The WSJ revealed in an article published on Monday that Google is allowing outside parties as well as its employees to read private messages belonging to Gmail users, despite the company's 2017 promises to end the practice.
According to the report, Gmail users most likely to have their emails read are those that signed up for "email-based services" that offer "shopping price comparisons" and "automated travel-itinerary planners," Business Insider reported Tuesday.
But the entire issue is much bigger than what WSJ is revealing, Epstein told Radio Sputnik's Loud & Clear on Tuesday.

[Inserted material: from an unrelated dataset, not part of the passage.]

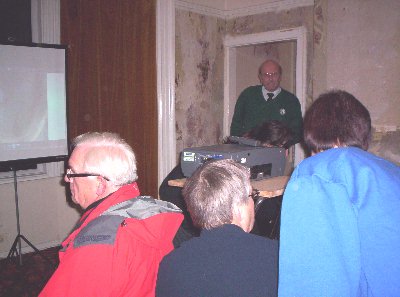 Setting up the overhead projector.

"The problem with Google is that… at least hundreds of people at Google, in order to do their job, have to have full access to our entire profiles, including all of our emails," the research psychologist told show host Brian Becker. "This problem is just huge, it goes way beyond what's in the Wall Street Journal."
"But that's the culture, and the culture in tech, generally speaking is, of course, surveillance… we don't really know all the different ways in which the content of our emails and other information that's collected about us… is being used," Epstein stressed.
Going further into the inner workings of Google, Epstein further revealed that the search engine still maintains access to emails deleted by Gmail users.
Oh, and clearing one's history also does absolutely nothing to protect your privacy, Epstein told Becker.
"When you clear your history, you can no longer access your history. Period. The same thing applies," he said.
But Epstein had even more shocking information to reveal.
"When it comes to the emails, it's not just those crazy emails that you've sent," he said. "Think about the emails that you start to type and you say ‘No way I'm sending this,' so you just delete it, you don't even send it. Guess what? They preserve those as well."
Well, time to go back to pen and paper, eh?
"We live in a surveillance society, we've made that okay with our laws, we have no protections against it… we're talking about something far creepier than ‘Brave New World'… far creepier than ‘1984.' It's already here," Epstein concluded.